(Records for this exercise)

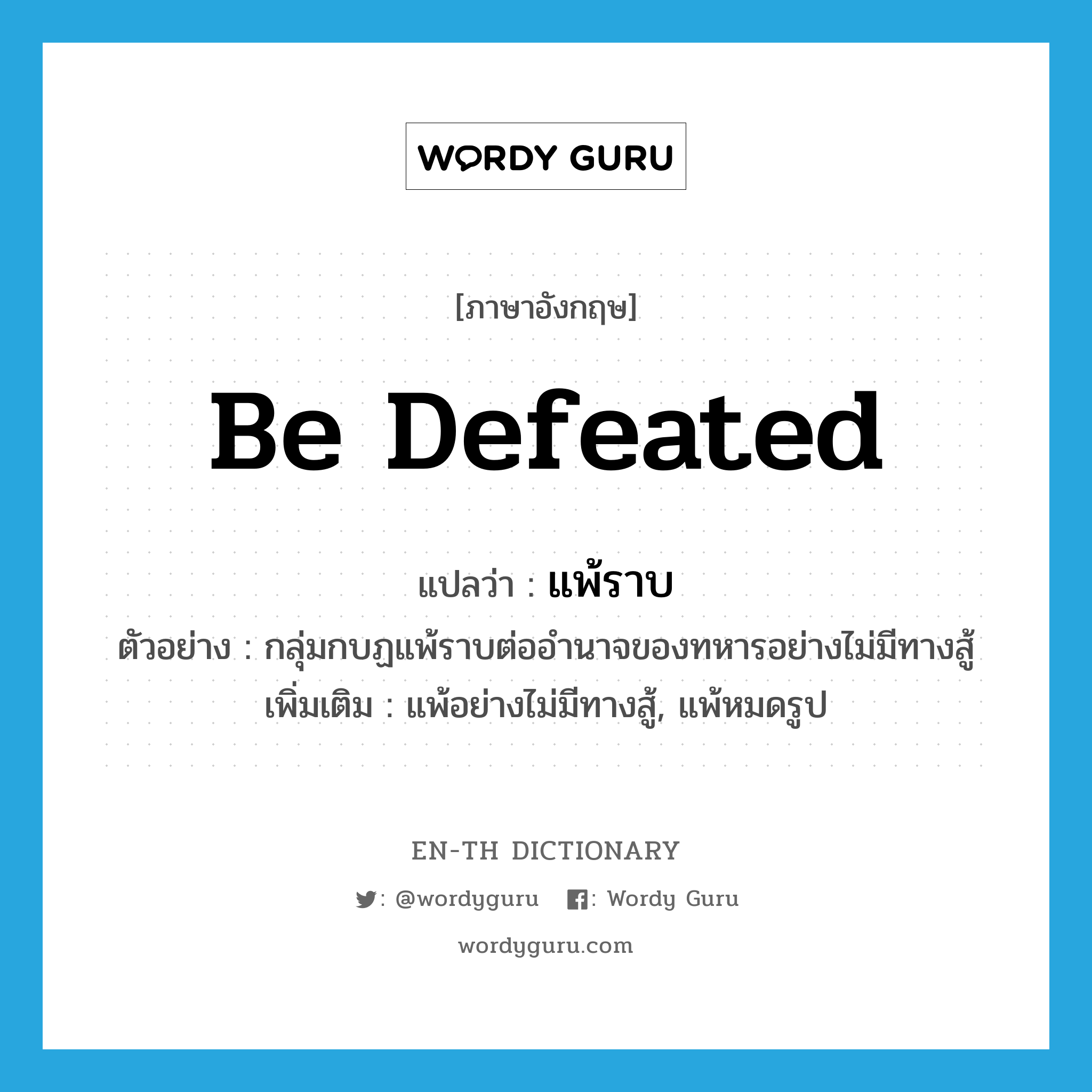 be defeated แปลว่า?, คำศัพท์ภาษาอังกฤษ be defeated แปลว่า แพ้ราบ ประเภท V ตัวอย่าง กลุ่มกบฏแพ้ราบต่ออำนาจของทหารอย่างไม่มีทางสู้ เพิ่มเติม แพ้อย่างไม่มีทางสู้, แพ้หมดรูป หมวด V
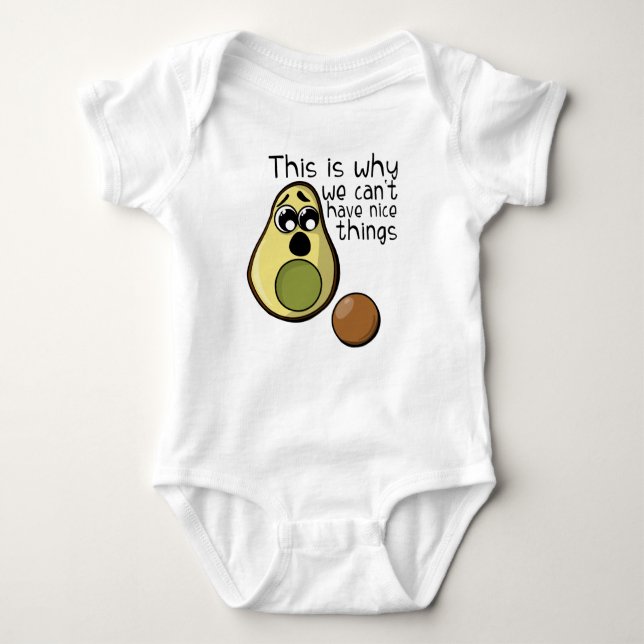 Cute Avocado This is Why We Can't Have Nice Things Baby Bodysuit (Front)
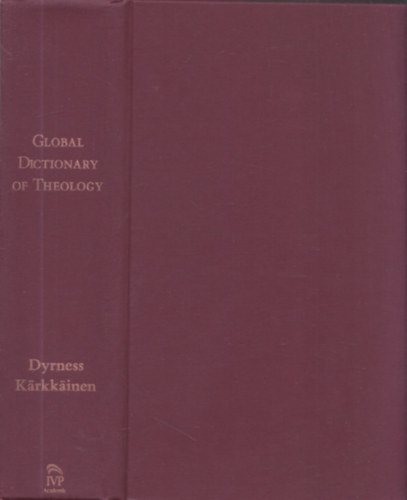 Veli-Matti Karkkainen William A. Dyrness - Global Dictionary of Theology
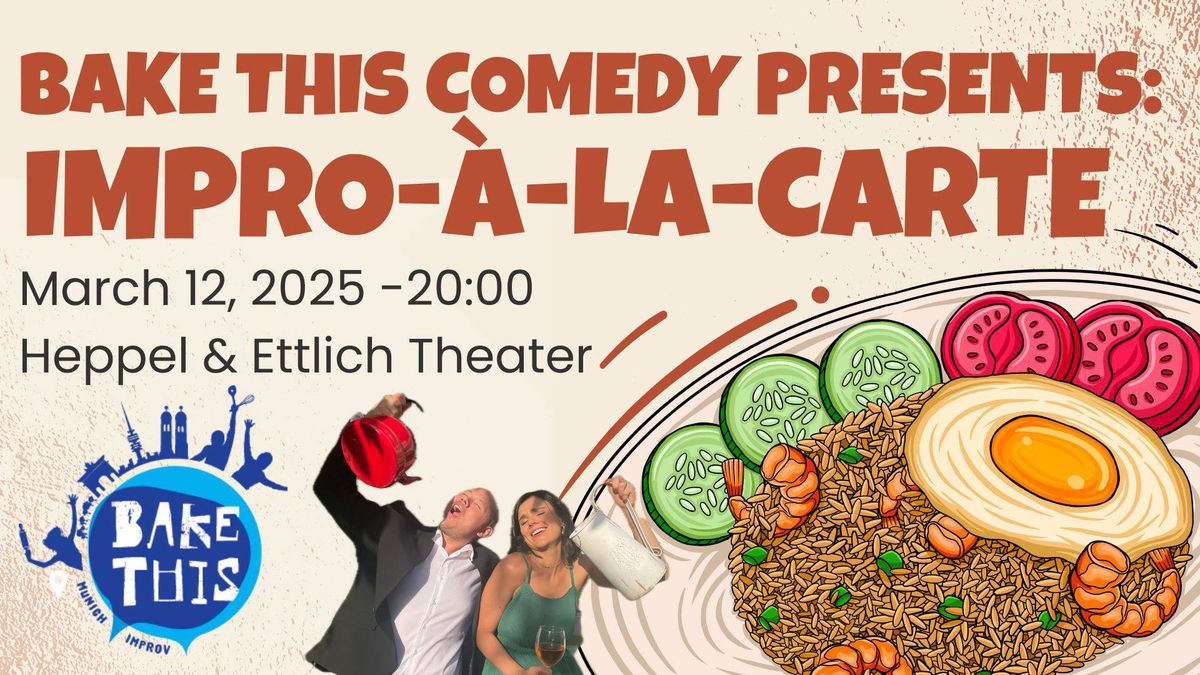 Impro-\u00e0 la Carte \u2013 Improv Comedy Show 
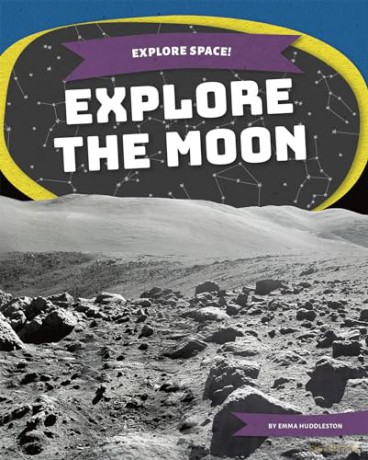 Explore The Moon - Emma Huddleston [KSIĄŻKA]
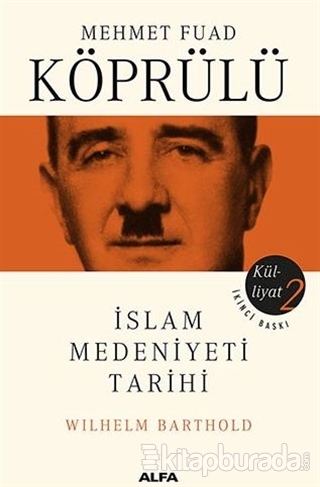 Mehmet Fuad Köprülü Külliyatı 2: İslam Medeniyeti Tarihi Wilhelm Barth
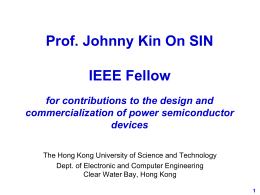 1 Prof. Johnny Kin On SIN IEEE Fellow for contributions to the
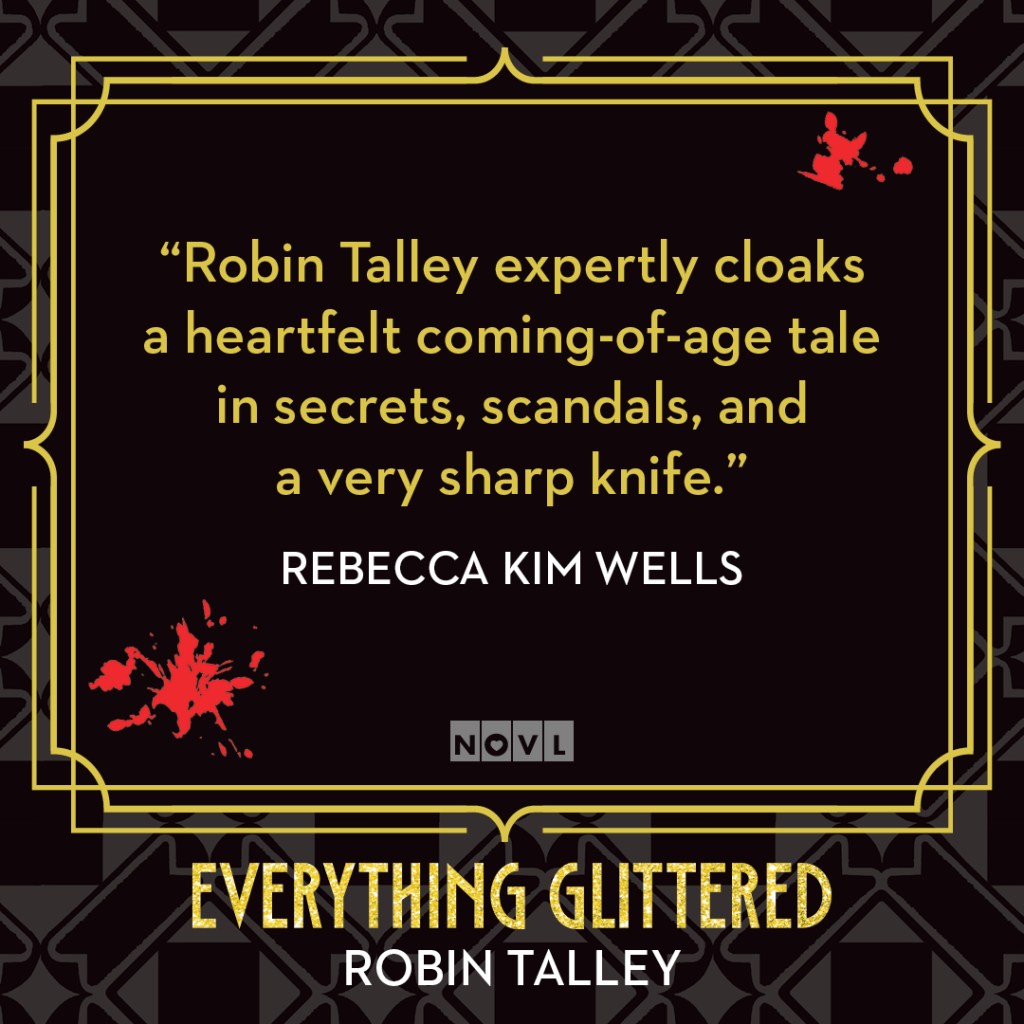 Blurb graphic for Everything Glittered by Robin Talley. Quote reads "Robin Talley expertly cloaks a heartfelt coming-of-age tale in secrets, scandals, and a very sharp knife."--Rebecca Kim Wells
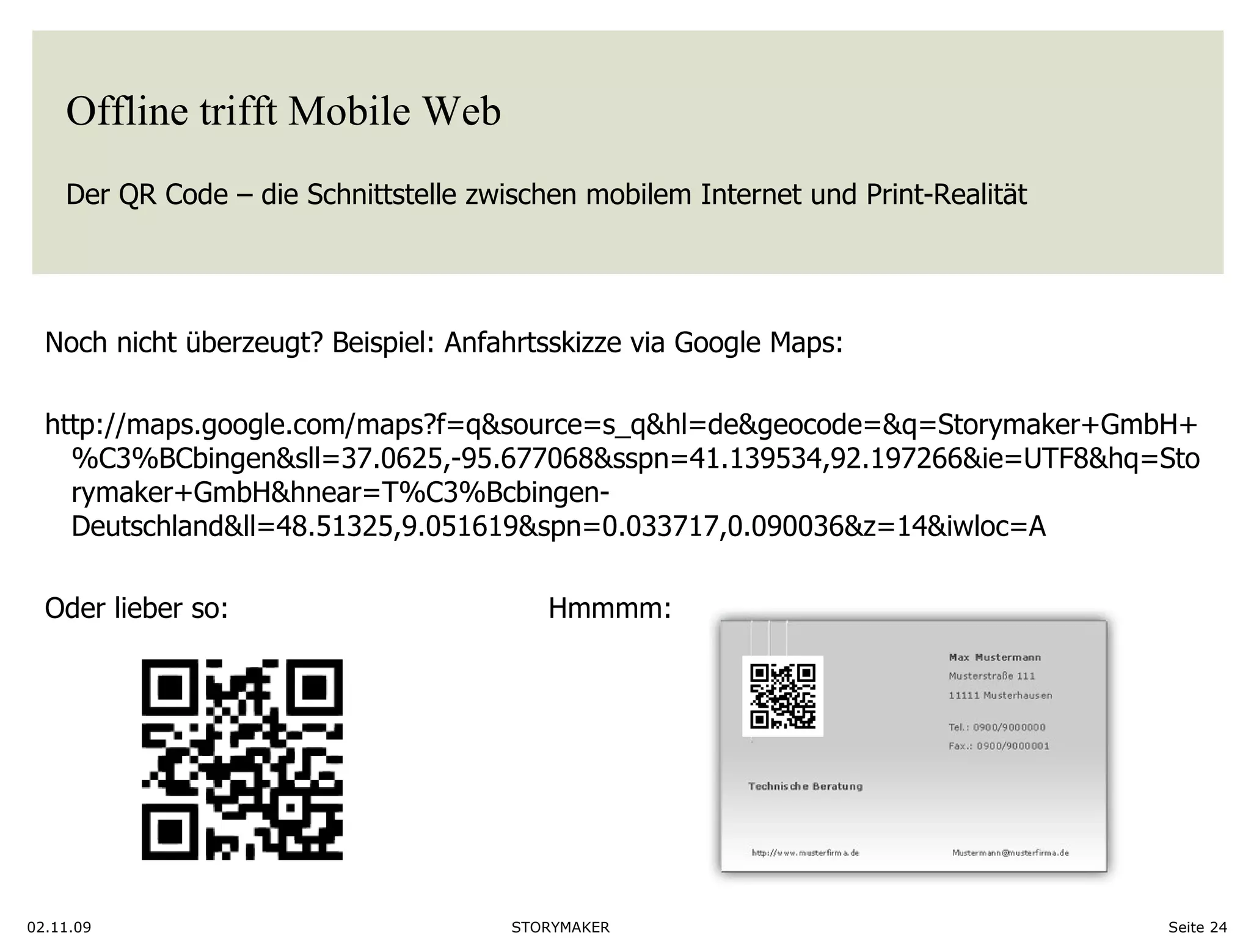 Offline trifft Mobile Web Der QR Code – die Schnittstelle zwischen mobilem Internet und Print-Realität  02.11.09 Seite  Noch nicht überzeugt? Beispiel: Anfahrtsskizze via Google Maps: http://maps.google.com/maps?f=q&source=s_q&hl=de&geocode=&q=Storymaker+GmbH+%C3%BCbingen&sll=37.0625,-95.677068&sspn=41.139534,92.197266&ie=UTF8&hq=Storymaker+GmbH&hnear=T%C3%Bcbingen-Deutschland&ll=48.51325,9.051619&spn=0.033717,0.090036&z=14&iwloc=A Oder lieber so:  Hmmmm:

(End Records for this exercise)

Word for word and without pictures, please write out only the lines from the start of the entries through the line containing "Impro-\u00e0 la Carte", both included.

- Exercise result
 be defeated แปลว่า?, คำศัพท์ภาษาอังกฤษ be defeated แปลว่า แพ้ราบ ประเภท V ตัวอย่าง กลุ่มกบฏแพ้ราบต่ออำนาจของทหารอย่างไม่มีทางสู้ เพิ่มเติม แพ้อย่างไม่มีทางสู้, แพ้หมดรูป หมวด V
 Cute Avocado This is Why We Can't Have Nice Things Baby Bodysuit (Front)
 Veli-Matti Karkkainen William A. Dyrness - Global Dictionary of Theology
 Impro-\u00e0 la Carte \u2013 Improv Comedy Show 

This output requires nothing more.